Néstor Murray-Irizarry, historiador

www.casapaolipr.com

Introducción

Uno de los lugares más emblemáticos de Ponce, es hoy su Concha Acústica de Conciertos inaugurada en 1956 y que en el ayer fue el Parque Abolición. Fue construido en conmemoración de su formal liberación, y para homenajear a la herencia sociocultural afrocaribeña de los negros esclavizados que arribaron a nuestras costas; y a sus descendientes, particularmente por el arduo trabajo realizado por ellos, en beneficio de todos los puertorriqueños.

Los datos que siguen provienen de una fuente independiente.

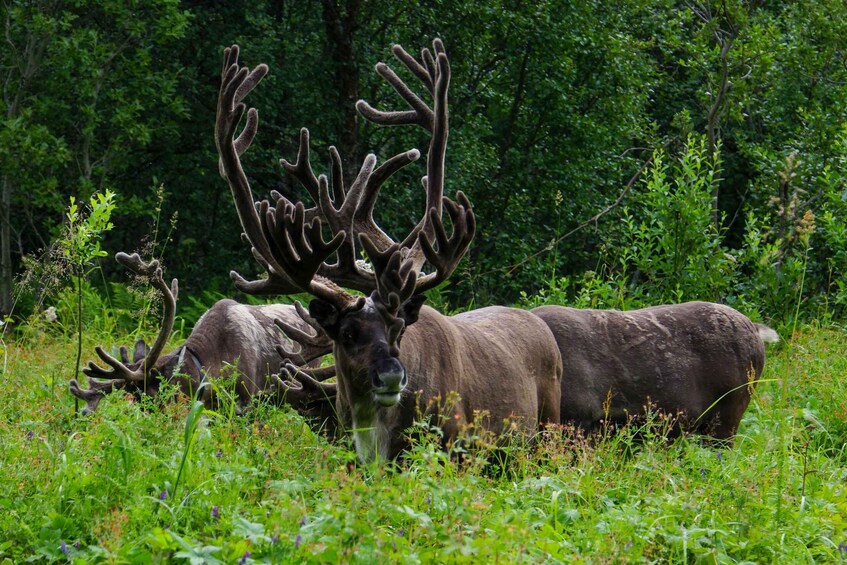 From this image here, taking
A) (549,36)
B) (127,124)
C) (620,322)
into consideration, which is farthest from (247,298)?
(620,322)

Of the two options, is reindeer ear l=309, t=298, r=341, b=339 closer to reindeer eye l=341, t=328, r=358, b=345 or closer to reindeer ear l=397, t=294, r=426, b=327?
reindeer eye l=341, t=328, r=358, b=345

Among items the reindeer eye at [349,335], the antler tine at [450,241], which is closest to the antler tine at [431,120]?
the antler tine at [450,241]

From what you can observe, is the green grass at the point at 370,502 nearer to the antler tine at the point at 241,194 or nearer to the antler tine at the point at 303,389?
the antler tine at the point at 303,389

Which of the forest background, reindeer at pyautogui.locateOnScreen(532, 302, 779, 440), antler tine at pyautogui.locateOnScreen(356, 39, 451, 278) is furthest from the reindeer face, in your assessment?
the forest background

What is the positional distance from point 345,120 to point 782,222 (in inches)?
273

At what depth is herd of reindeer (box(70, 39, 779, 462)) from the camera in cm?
626

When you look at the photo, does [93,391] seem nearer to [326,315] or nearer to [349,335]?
[326,315]

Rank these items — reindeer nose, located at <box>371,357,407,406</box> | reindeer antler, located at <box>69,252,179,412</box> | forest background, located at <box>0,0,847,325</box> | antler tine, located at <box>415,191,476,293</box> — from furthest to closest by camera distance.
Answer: forest background, located at <box>0,0,847,325</box>
reindeer antler, located at <box>69,252,179,412</box>
antler tine, located at <box>415,191,476,293</box>
reindeer nose, located at <box>371,357,407,406</box>

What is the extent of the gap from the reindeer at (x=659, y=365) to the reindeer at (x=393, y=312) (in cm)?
25

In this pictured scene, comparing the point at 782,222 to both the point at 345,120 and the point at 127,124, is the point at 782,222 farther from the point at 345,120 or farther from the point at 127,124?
the point at 127,124

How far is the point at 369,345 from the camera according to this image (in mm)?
6082

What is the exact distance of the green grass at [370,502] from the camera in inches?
171

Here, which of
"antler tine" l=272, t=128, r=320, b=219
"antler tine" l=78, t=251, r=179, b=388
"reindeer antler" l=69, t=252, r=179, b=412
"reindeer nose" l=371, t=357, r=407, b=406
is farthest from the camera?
"antler tine" l=78, t=251, r=179, b=388

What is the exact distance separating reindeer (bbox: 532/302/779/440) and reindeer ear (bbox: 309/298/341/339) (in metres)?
1.90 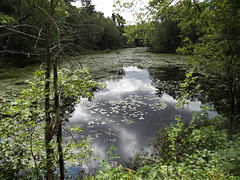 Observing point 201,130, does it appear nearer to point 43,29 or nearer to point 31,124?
point 31,124

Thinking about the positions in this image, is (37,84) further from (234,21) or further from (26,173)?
(234,21)

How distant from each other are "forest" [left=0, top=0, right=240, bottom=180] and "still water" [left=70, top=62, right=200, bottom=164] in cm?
54

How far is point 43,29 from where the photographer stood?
262 cm

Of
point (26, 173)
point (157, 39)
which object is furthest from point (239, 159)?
point (157, 39)

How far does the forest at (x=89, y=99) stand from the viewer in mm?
2666

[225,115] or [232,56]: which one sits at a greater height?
[232,56]

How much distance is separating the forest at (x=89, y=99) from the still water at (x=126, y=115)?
540 mm

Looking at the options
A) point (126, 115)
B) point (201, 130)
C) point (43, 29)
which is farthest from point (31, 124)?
point (126, 115)

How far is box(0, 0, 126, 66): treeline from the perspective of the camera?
94.7 inches

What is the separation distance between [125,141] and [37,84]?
4.41 meters

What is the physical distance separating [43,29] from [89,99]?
1.92 metres

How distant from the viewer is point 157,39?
43.8 metres

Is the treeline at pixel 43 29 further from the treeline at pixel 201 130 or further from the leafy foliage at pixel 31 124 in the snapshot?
the treeline at pixel 201 130

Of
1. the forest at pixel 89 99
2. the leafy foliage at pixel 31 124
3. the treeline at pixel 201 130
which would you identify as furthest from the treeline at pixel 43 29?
the treeline at pixel 201 130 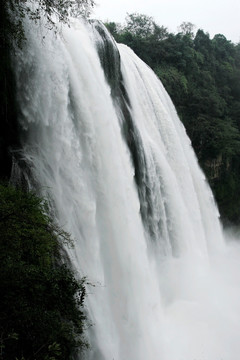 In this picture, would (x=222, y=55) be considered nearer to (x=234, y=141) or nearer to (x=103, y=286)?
(x=234, y=141)

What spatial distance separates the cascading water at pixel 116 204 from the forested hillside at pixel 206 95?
7281 mm

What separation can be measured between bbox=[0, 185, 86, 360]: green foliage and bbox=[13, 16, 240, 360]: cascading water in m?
1.29

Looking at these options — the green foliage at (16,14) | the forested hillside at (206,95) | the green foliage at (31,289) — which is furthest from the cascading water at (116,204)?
the forested hillside at (206,95)

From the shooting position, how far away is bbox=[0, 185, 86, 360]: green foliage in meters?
3.58

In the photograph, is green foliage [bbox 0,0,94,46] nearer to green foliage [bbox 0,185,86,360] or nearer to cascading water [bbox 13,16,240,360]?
cascading water [bbox 13,16,240,360]

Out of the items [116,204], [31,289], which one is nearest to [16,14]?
[31,289]

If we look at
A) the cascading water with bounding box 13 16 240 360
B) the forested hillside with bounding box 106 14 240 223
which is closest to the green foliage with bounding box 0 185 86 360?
the cascading water with bounding box 13 16 240 360

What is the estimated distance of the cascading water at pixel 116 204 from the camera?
20.4 feet

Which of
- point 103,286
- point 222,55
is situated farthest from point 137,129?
point 222,55

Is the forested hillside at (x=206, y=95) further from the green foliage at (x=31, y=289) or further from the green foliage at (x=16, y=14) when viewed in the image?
the green foliage at (x=31, y=289)

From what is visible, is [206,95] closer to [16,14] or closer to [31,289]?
[16,14]

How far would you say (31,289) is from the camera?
13.0ft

Allí se pueden ver seis placas hechas de mármol, tres a cada lado, adosadas a cada extremo de la concha. Son la efigie de seis músicos puertorriqueños que nacieron o que se dieron a conocer en Ponce: Juan Morel Campos, Manuel Gregorio Tavárez, Arístides Chavier Arévalo, Antonio Paoli Marcano, Julio Carlos de Arteaga y Juan Ríos Ovalle.

Considero que la selección de los artistas respondió a criterios relacionados con la representación de toda una gran época lírica de Ponce y del país. Tavárez, Arteaga y Paoli estudiaron música en Europa. Los primeros dos mencionados fueron maestros, compositores y pianistas. Ambos estudiaron en el Conservatorio de Música de París o con los maestros que enseñaban en el Conservatorio) y aunque Tavárez nació en San Juan, y Arteaga en Yauco (aunque lo registraron en Ponce), se dieron a conocer en Ponce como grandes musicólogos. Paoli fue el tenor dramático más importante y con renombre internacional, que ha tenido Puerto Rico en toda su historia musical; junto a su hermana Amalia (al igual que hizo Arteaga con su esposa) organizaron un Conservatorio o Academia Paoli, de música y arte dramático.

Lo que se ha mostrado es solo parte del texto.